Written by Moritz Bühner   // June 14, 2013    2 Comments

Over the course of the last two decades, most people have realized that in a rapidly changing economic world order, country development categories could do with an update. Especially needed is a new title for the biggest among the economies that used to collectively share the “developing country” name. But, as more and more of today’s readers come to terms with the BRICS nations, its inventor has long called for yet another name. BRIC stands for Brazil, Russia, India and China, high population countries that all had struggling economies at the beginning of the 2000s. They formed an association in 2009 and invited South Africa to join in late 2010, officially establishing the BRICS group. The term “emerging economies” was soon found, but since not only the BRICS, but also South Korea and Turkey, for instance, are well-established now and go far beyond an emerging state, the Economist put “emerging economy” on top of its out-list as early as 2008:

In 2001 Jim O’Neill, chief economist of Goldman Sachs, came up with the acronym “BRICs” for the next four countries it expected to enter the economic big league: Brazil, Russia, India and China. He says that the BRICs, Korea and Mexico “should not be really thought of as ‘emerging markets’ in the classical sense, as many still do. We regard these countries as a critical part of the modern
globalised economy.”

Two years ago, this very Jim O’Neill called for a new name that might update “emerging markets”. He came up with “growth economies”. However, in the global recession we’re currently facing, not all emerging economies remain growth economies. Anyway, is not every capitalist economy in principle a growth economy (apart from maybe the one in Greece)? It sounds a bit weird, honestly, so we’re still waiting for a more satisfactory term. Having traveled a fair bit through many of the emerging economy nations, I personally haven’t found a single person among the locals who found the term emerging derogative. While I’m still looking forward to what we’ll be calling BRICS, and the next eleven, ten years from now, I’ll stick to the emerging economy term for now. Because above all, most people have a clear picture in mind of what it stands for. Anyway, even the countries in O’Neill’s next eleven listing fit into four different categories, ranging from the developed and advanced economy of South Korea to the “newly industrializing” countries of Turkey, Iran, Mexico and the Philippines, to the “lower-middle-income economies” and developing countries of Indonesia, Egypt, Nigeria, Pakistan and Vietnam. In this N-11 ranking, Bangladesh scores last, considered to be a low-income economy and a least-developed country.
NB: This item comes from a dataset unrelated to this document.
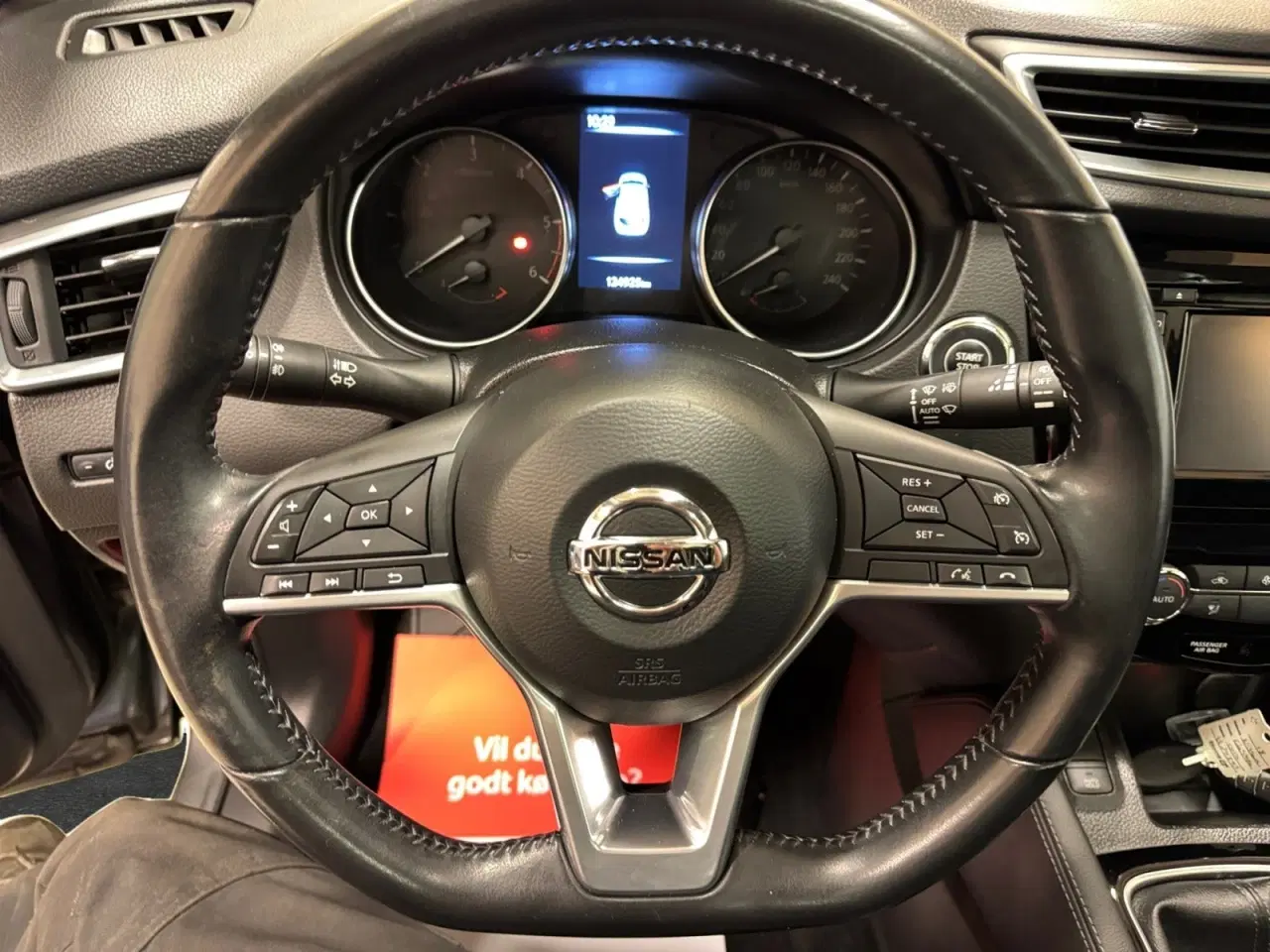 Billede 6 - Nissan Qashqai 1,6 dCi 130 N-Connecta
Report: How Emerging Economies Can Match Official and Ethical GHG Emission Targets

What’s more important than the category they fall in, however, is how these countries could match their full potential to limit global warming to 2° C by 2100. Their miraculous development can surely be turned into a low-carbon future, but how? This question was explored in a recent report published by the German Federal Environment Agency (Umweltbundesamt). The extensive report bears the name “Emerging economies – potentials, pledges and fair shares of greenhouse gas reductions” and is available for download at uba.de. In this article, you’ll find a brief explanation of the report’s methodology and the most important results for the first two of the six emerging countries it focused on, Brazil and China. Next week, will be the results for the remaining four countries: India, Mexico, South Africa and South Korea.

Altogether, nine authors coming from the Wuppertal Institute and two other climate research organizations, Ecofys Germany GmbH and Climate Analytics GmbH, contributed to the report. For each of the six countries, they compared official greenhouse gas reduction pledges made for 2020 to actual mitigation potential. In other words, they measured the ambitiousness of each country’s official climate target. Together, the six countries of choice accounted for one-third of global greenhouse gas emissions in 2008. The authors did not specify why Russia, a fundamental part of the BRICS, was not included, but Mexico was. Probably because Russia, beyond any doubt, is considered a developed economy by now.

Moreover, six approaches to finding a fair distribution of global emissions were taken into account and compared to the national pledges. These approaches for “fair shares” of greenhouse gas emissions basically deal with the question of how many emissions should ethically be granted to each country, in regard to its population, its history and its economy, and how easily its citizens could reduce emissions. Every approach follows a different path towards the common final goal of one sustainable per-capita emission figure in 2050 that all countries’ citizens share. A detailed description of these noteworthy approaches can be found on pp. 142 (pp. 158 in the PDF).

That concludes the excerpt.